SoundThinking recorded 34,818 total gunshots so far this year. Nearly half (45%) of the gunfire came from a portion of the 9th Precinct on Detroit’s east side near Harper Woods; the devices reported 15,497 gunshots as of July 24.
DPD reported 81 non-fatal shootings and 23 homicides in the 9th Precinct so far this year. Non-fatal shootings are down 16% compared to this point in 2022, while the department recorded one more homicide. Detroit does not report the number of fatal shootings in publicly available crime reports.
White and Mayor Mike Duggan told residents last year that SoundThinking would help prevent shootings. Since then, Moore said police commissioners have heard DPD shift focus to the technology’s impact on evidence collection.
Capt. Brandon Lewis of the 10th precinct told police commissioners this month the biggest benefit of SoundThinking is how it helps police recover shell casings and flesh out investigations. Lewis said police will often canvass scenes multiple times, sometimes with a metal detector, to find clues and interview potential witnesses.
Another major benefit, Lewis said, is how SoundThinking alerts help police locate shootings they otherwise wouldn’t know about. Lewis said residents “have become desensitized” to gunfire and don’t always report shots to 911. The police chief has consistently promoted how gunshot alerts have led to the recovery of evidence that results in arrests.

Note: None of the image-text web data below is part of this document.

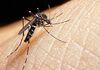 Тигрести комарци во Европа: Бидете внимателни ако летувате во Грција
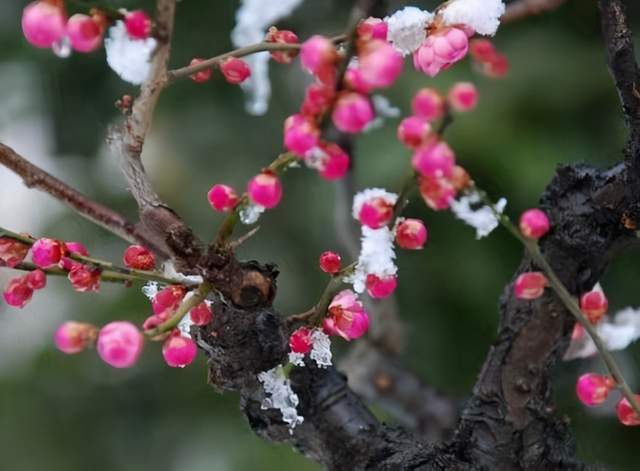 春雪美傲梅艳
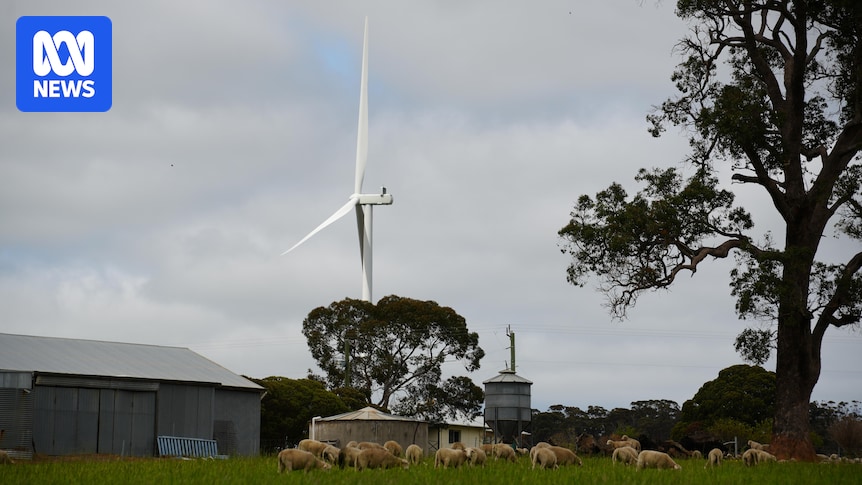 WA shires say renewable community benefit fund needs to be mandatory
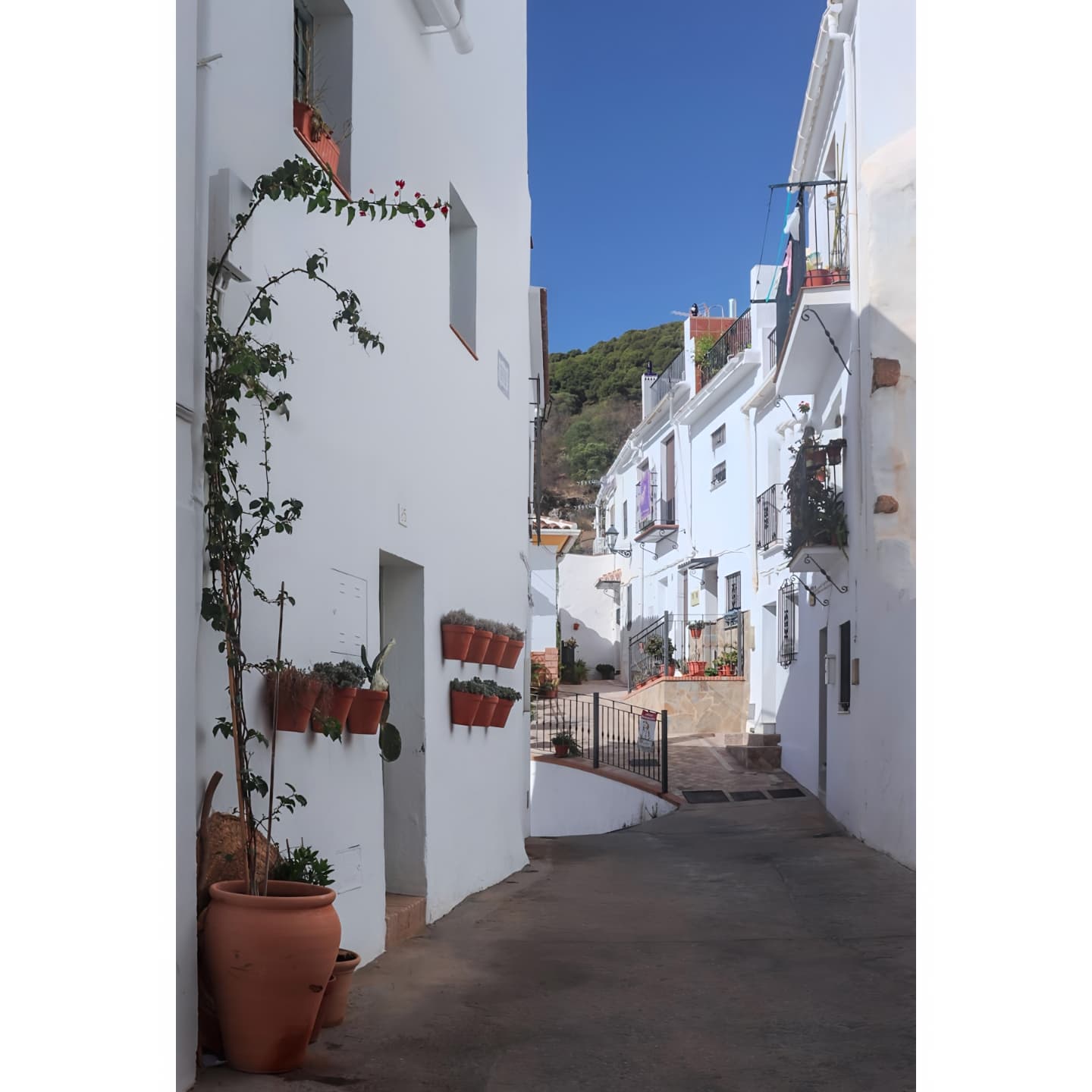 Calle de Casarabonela con casas encaladas y decoradas con macetas y flores.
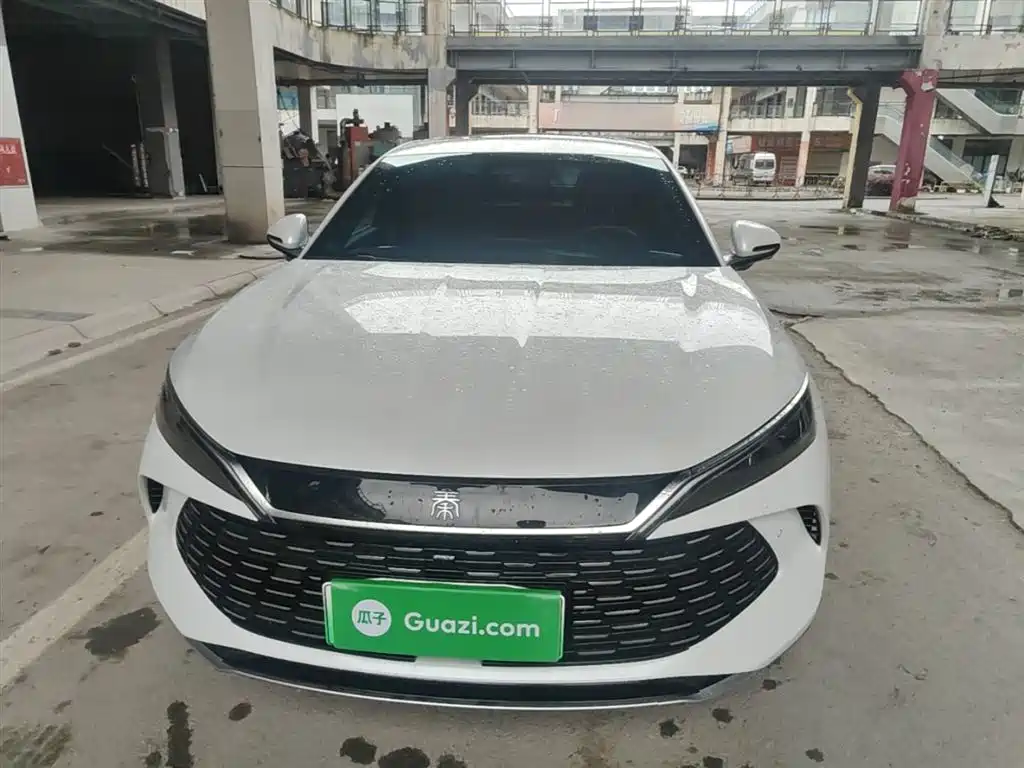 Qin L DM-i Smart Drive 120 KM Transcend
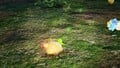An Albino Dwarf Bulborb squished as a Glow Pikmin is thrown on its back.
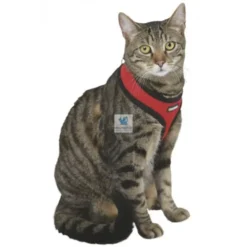 ARNES ACTIVE GATO con Correa 120 cm Arneses para Gatos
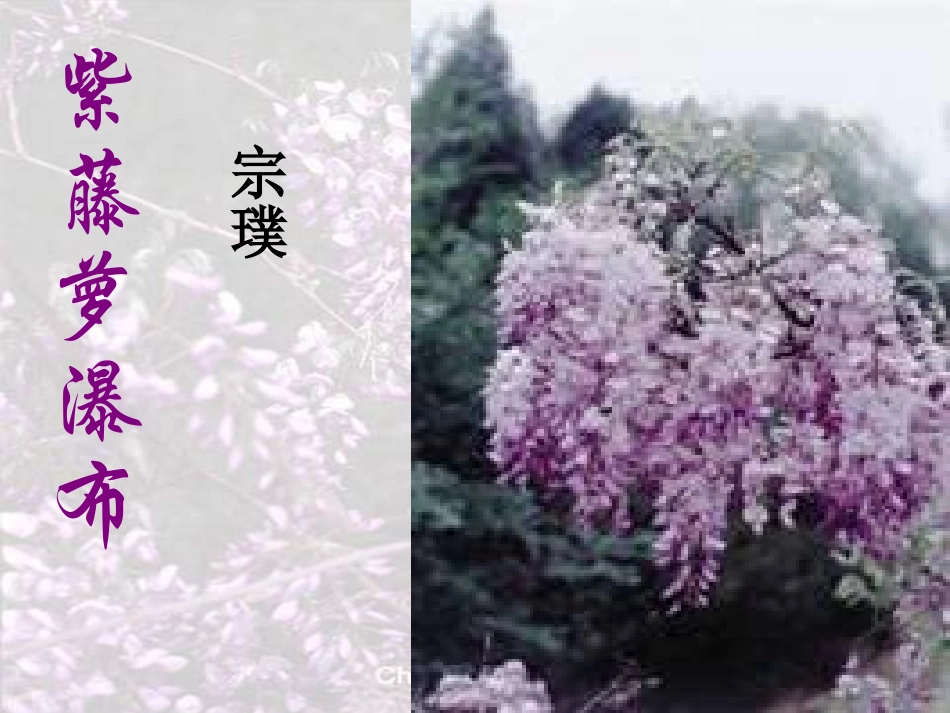 紫藤萝瀑布课件_第3页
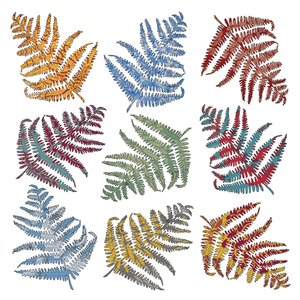 Ferns, 2012 (digital)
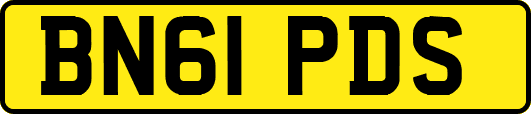 BN61PDS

“A lot of our citizens are used to hearing gunshots, but you don’t want your community to be desensitized to gunfire,” White said in May.
“You’re going to see the benefit of having it,” White added. “It is a very powerful tool. It is not a biased tool. It only activates him and folks who are using a gun in our community. If you don’t want to engage (SoundThinking), don’t pull the trigger – it’s very precise.”